One strategy for 2009 is to hire no more labor than he absolutely has to. “We try to do as much as possible ourselves. For instance, last year we sent our H-2A work crew home as soon as we finished harvesting the flue-cured.”

Haskins and his father Kenneth baled the remaining flue-cured, Then, with the help of a few local people they stripped and baled the burley tobacco. “This definitely costs less than keeping the crew through the end of the burley season,” he says.

Haskins built a new burley curing structure last year, and again labor efficiency was a big part of his goal.

It is a one-tier structure, open on all sides. One worker drives the cart down one side of the barn, and another carries the loaded sticks to Haskins, who hangs them on tier poles that are about 6.5 feet off the ground.

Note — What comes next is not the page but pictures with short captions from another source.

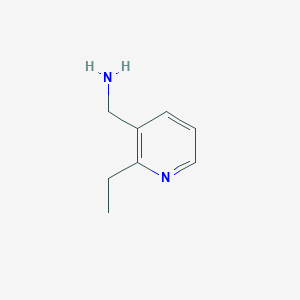 (2-Ethylpyridin-3-yl)methanamine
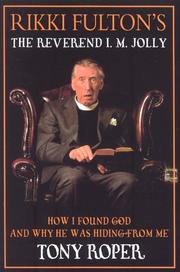 Cover of: Rikki Fulton's Reverend I.M. Jolly by Tony Roper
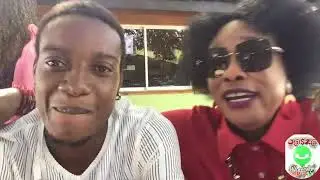D@$z@ WhatsApp Radio meeting the @Revolutionary queen @patsy Williams
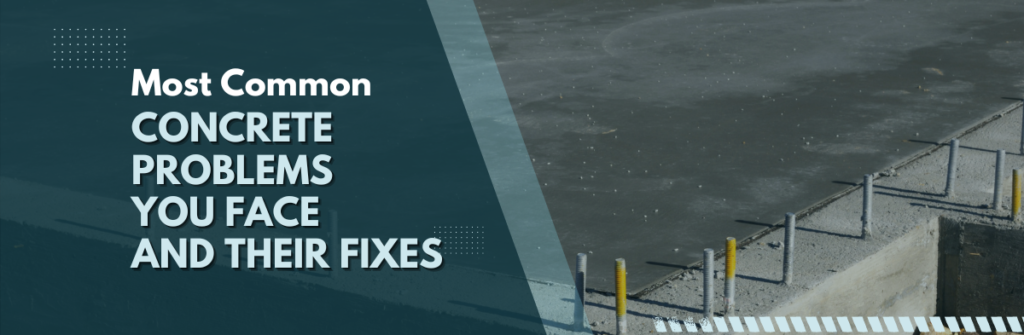 Common concrete problems and fixes by waterfront slab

“It costs more to build a low-profile structure like this, but we think this one will pay for itself in the long-term because it is so much easier and faster to hang,” he says.

Worker safety is another benefit: Since the tobacco is hung entirely from the ground, it is a much less hazardous process than hanging multiple tiers, says Haskins.

The structure is 28 feet wide and 270 feet long and holds four acres at 7,000 plants per acre.

He kept the cost low by using inexpensive materials. The tier poles are four-inch aluminum irrigation pipe which can be bought fairly cheaply. The posts are either electric poles or cedar posts, and the roof is covered with used tin. The only new materials were the rafters and sheeting boards.

He got a small increase in his burley pounds, so Haskins plans to add another 210 feet in length before harvest.

There is no mystery why companies cut back on contracted volumes, says Rick Smith, president of Independent Leaf Tobacco Co. of Wilson, N.C.

“Congress legislated SCHIP this year with its dollar-a-pack excise tax increase on cigarettes,” he says. “Also, domestic consumption is down, FDA legislation looms ahead and cigarette production continues to move off shore. All this doesn’t encourage companies to contract for any more tobacco than they need.”

Still, more uncontracted tobacco may be planted this year than in any year since deregulation.

“Farmers may bet the companies didn’t contract enough to meet their needs,” he says.